Siri Keeps Your Data For Two Years
New submitter LeadSongDog writes with news that Apple has provided information on how long it holds onto voice search data used by its digital assistant software Siri. Speaking to Wired, an Apple representative said the data is kept for two years after the initial query.
"Here’s what happens. Whenever you speak into Apple’s voice activated personal digital assistant, it ships it off to Apple’s data farm for analysis. Apple generates a random numbers to represent the user and it associates the voice files with that number. This number — not your Apple user ID or email address — represents you as far as Siri’s back-end voice analysis system is concerned. Once the voice recording is six months old, Apple “disassociates” your user number from the clip, deleting the number from the voice file. But it keeps these disassociated files for up to 18 more months for testing and product improvement purposes."
This information came in response to requests for clarification of Siri's privacy policy, which was not very clear as written. The director of privacy group Big Brother Watch said, "There needs to be a very high justification for retaining such intrusive data for longer than is absolutely necessary to provide the service."
How long are the backups of these systems kept for? Do they require a subpoena to get those backups, or will Apple cheerfully hand it over to any agency that asks?
Big Brother will come along at least once during that period so you can rest assured knowing it's stored for eternity.

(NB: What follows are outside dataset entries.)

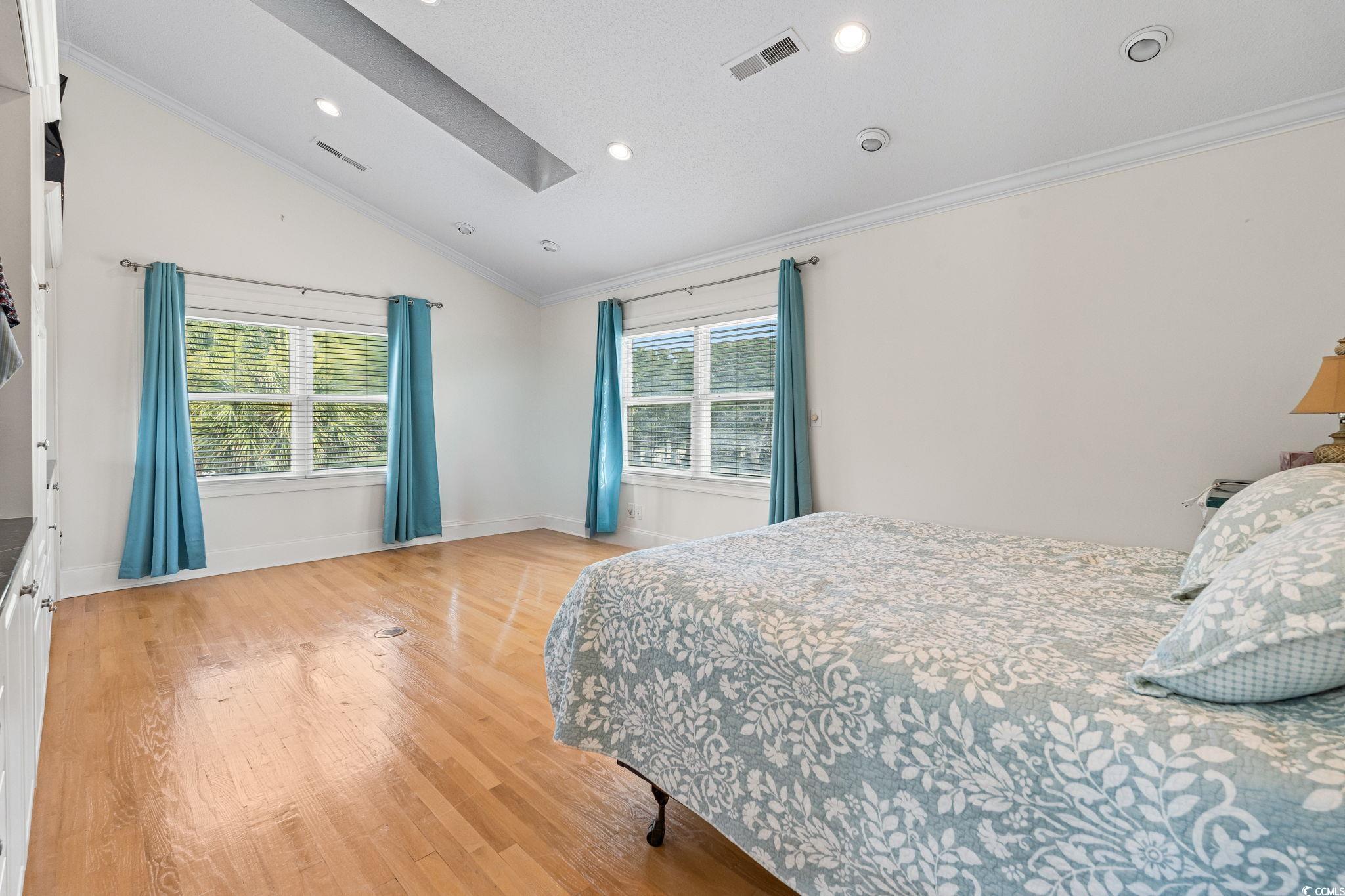 5000 North Ocean Boulevard Myrtle Beach, SC 29577 - Photo 19 of 40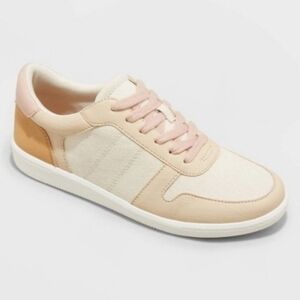 New A New Day Sneakers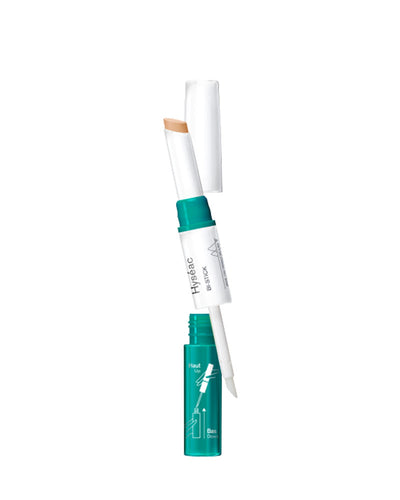 Uriage Eau Thermale HYSÉAC Bi-stick anti-imperfections 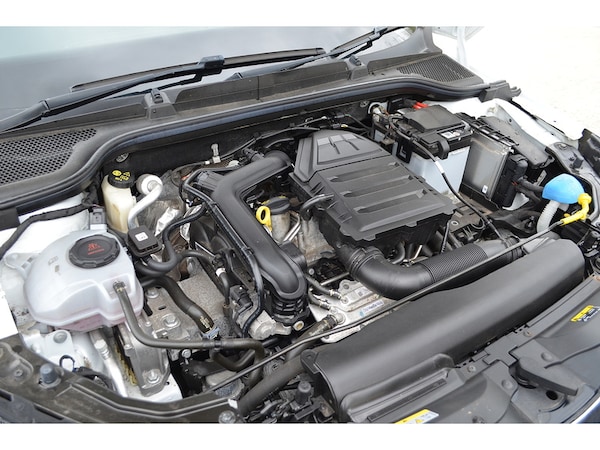 Used Skoda Kamiq 2020 for sale - 73722816: Photo 35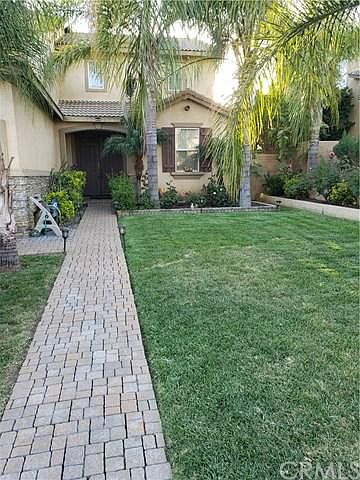 1st image of 12645 Twin Berry Dr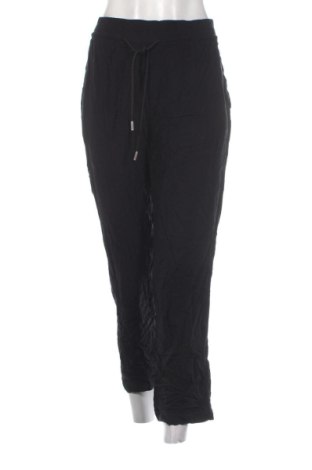 Damenhose Unbranded, Größe XXL, Farbe Schwarz, Preis 15,99 €, #136964582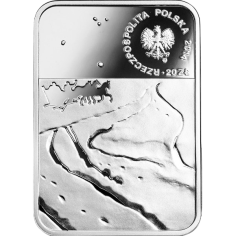 srebrna-moneta-polscy-malarze-xix-xx-wieku-jozef-chelmonski-1849-1914-r 2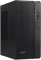 Acer Veriton S2720G, Core i3-14100, 16GB RAM, 512GB SSD Vorschaubild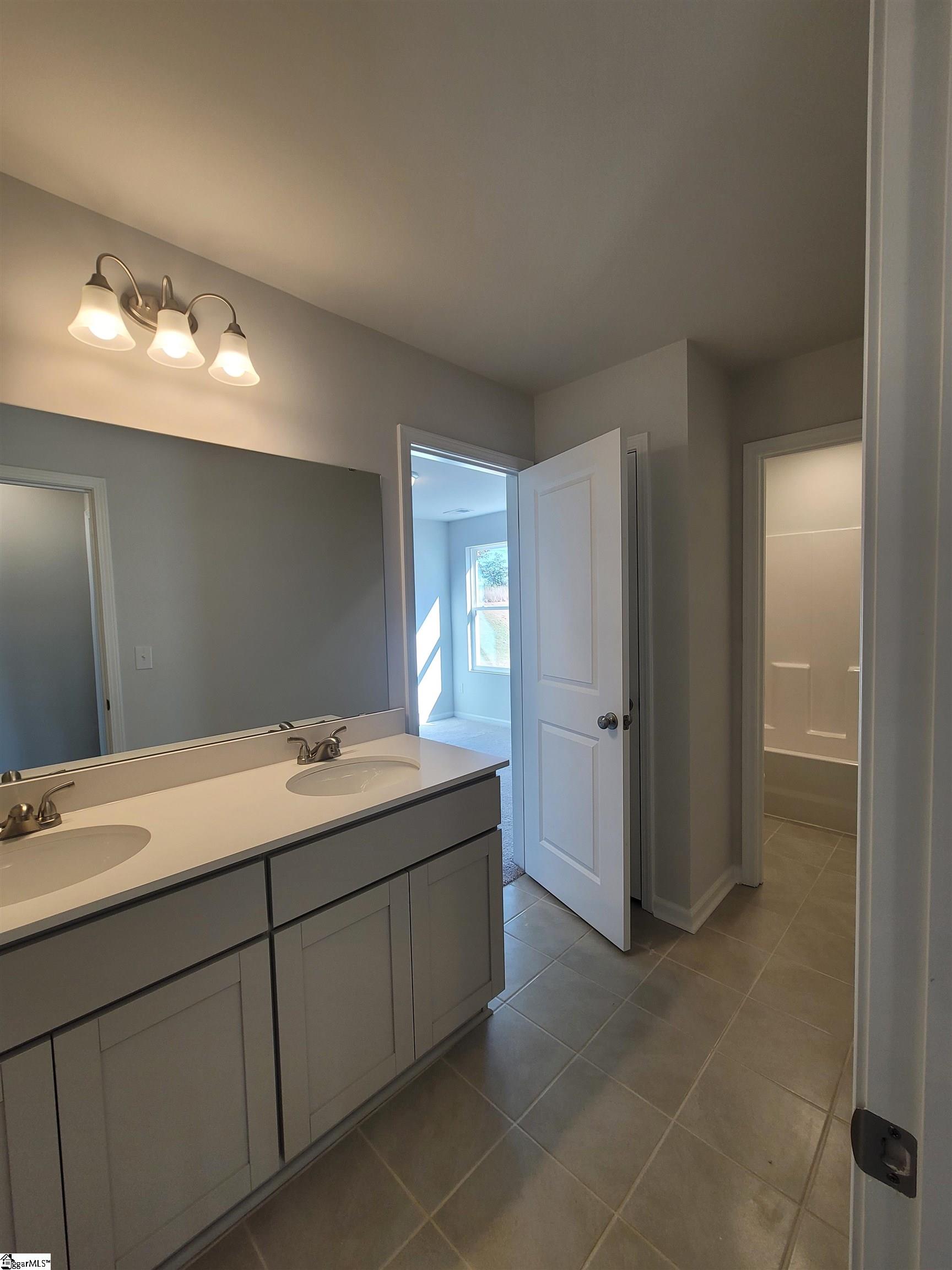 7235 Heirloom Lane Inman, SC 29349 - Photo 16 of 29
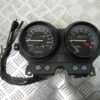 Compteur (37 788 kms) HONDA NTV 650 4T -1996-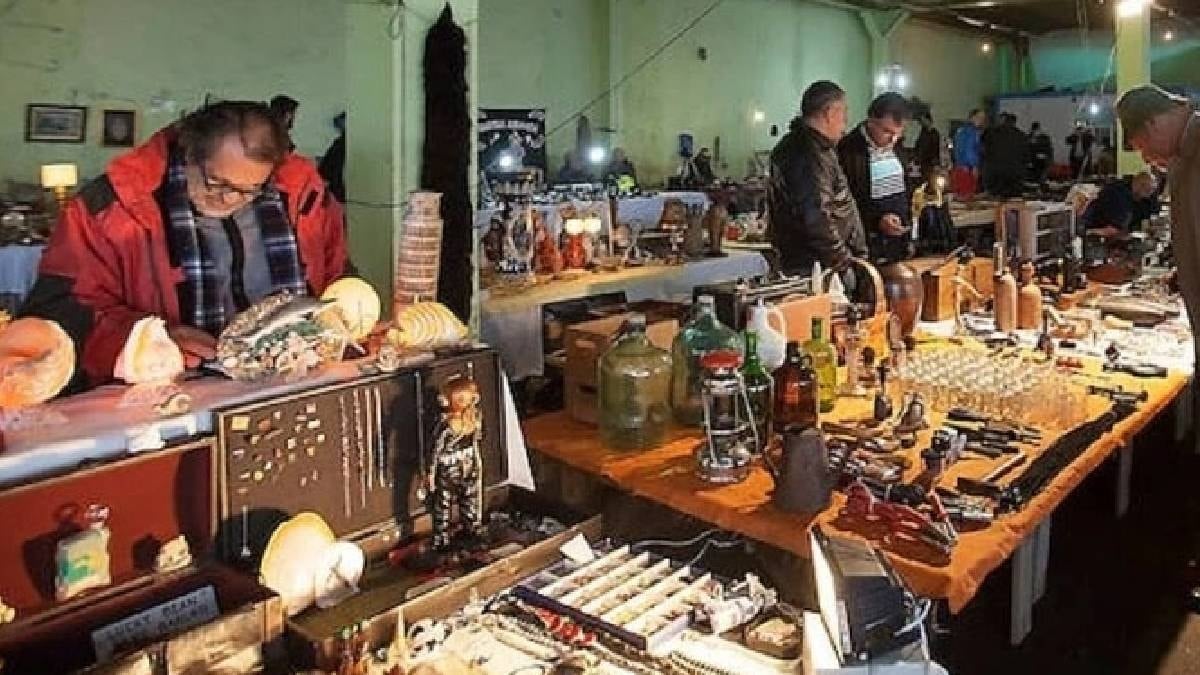 200 liraya aldığı ikinci el çantanın değerini fark etti hemen satışa çıkardı: Tam 115 katı kar etti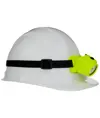 XPP-5452G Lampada frontale ATEX (180 lumen) LED Nightstick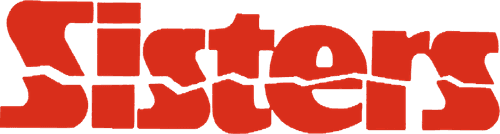 Sœurs de sang
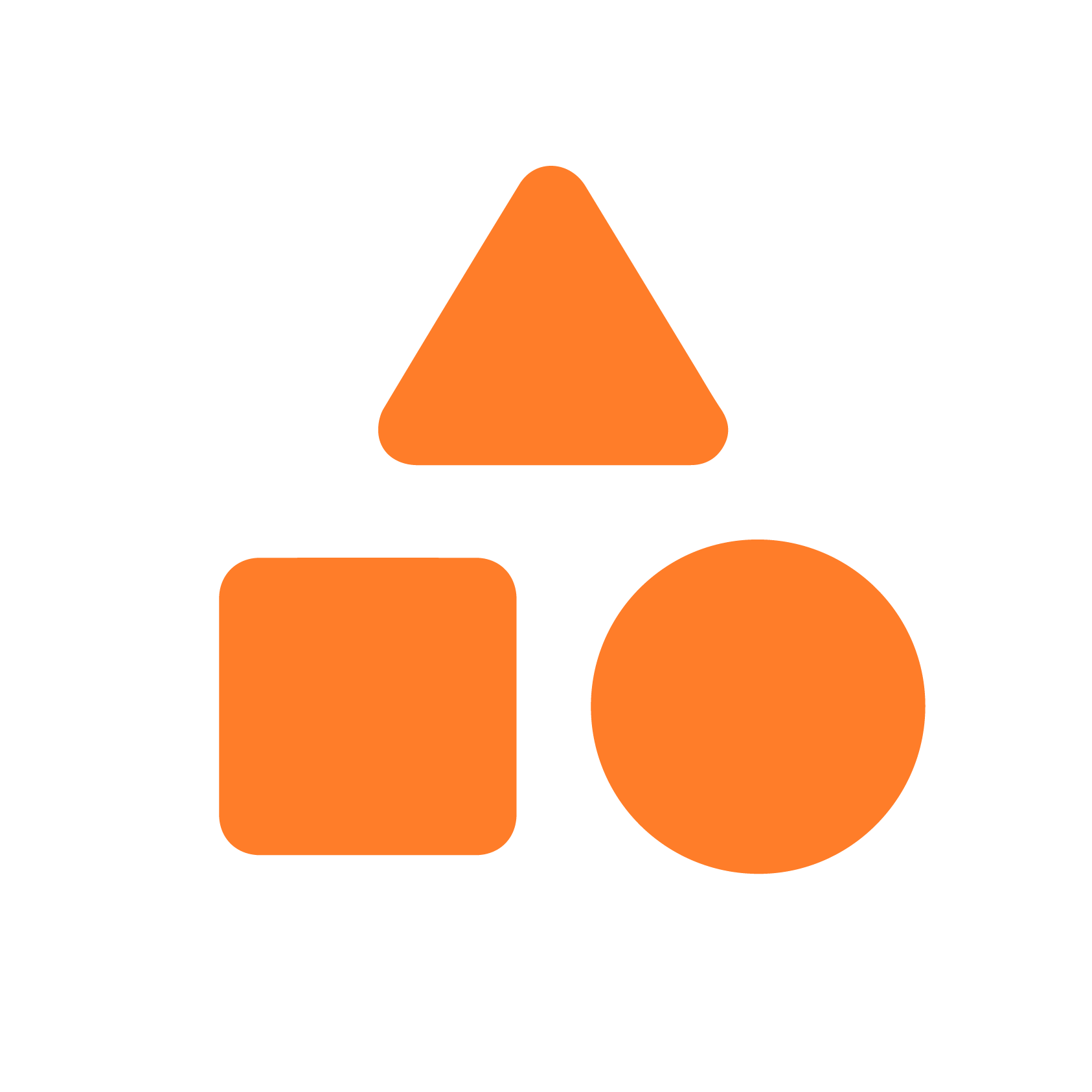Digər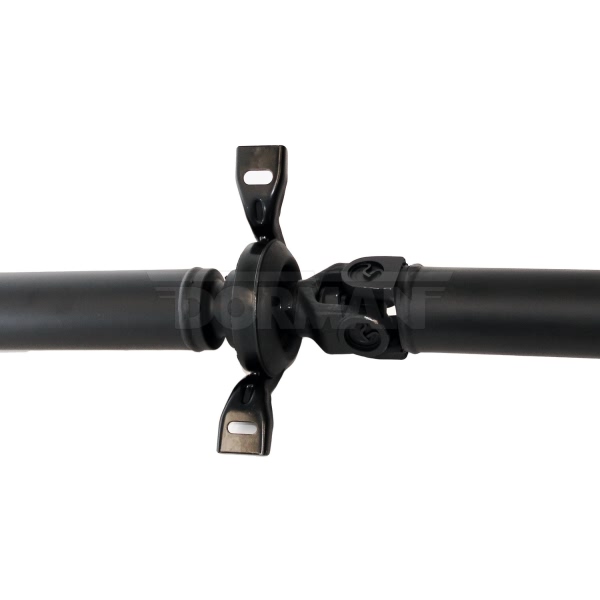 Dorman OE Solutions Rear Driveshaft 936-145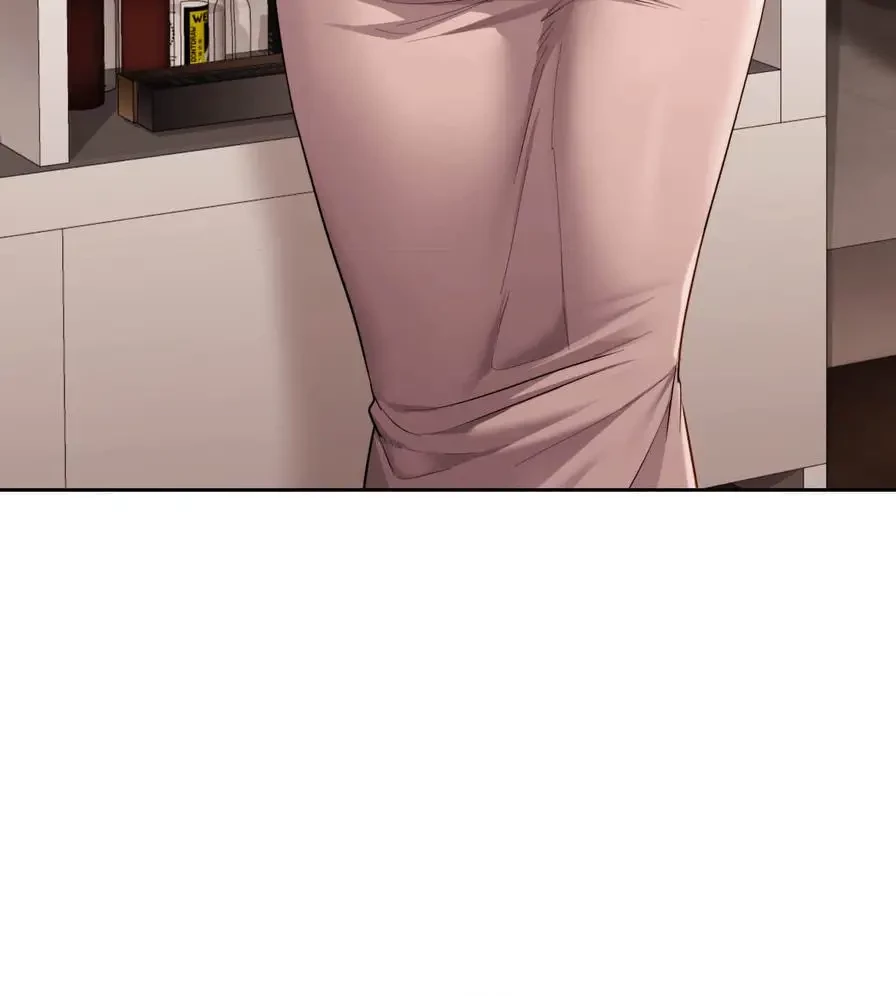 推しにしか勃たないモノが、友だちの巨乳ママに勃っちゃった!? 第17話 - 108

is unfortunately in the eye of the beholder... The US government's reliance on it's ability to access private data has helped so much with the Boston suspects, we will wrest these gains into the intrusion of privacy from their cold, dead hands.
Happiness in intelligent people is the rarest thing I know.
Ernest Hemingway
"Siri, how much fuel oil should I mix with 25 pounds of ammonium nitrate?"
Anyone have the timeline for Google's disassociation and destruction of search queries? I'm curious how Apple's policies compare against those.
My guess is the overlap between "people who complained Siri wasn't accurate" and "people who dont want apple keeping any Siri data so they can make it better" is pretty close to perfect.
Google reads your mail. Apple listens to your ravings. Don't like it, don't use it. And they only keep 'your' (ie identifable) data 6 months.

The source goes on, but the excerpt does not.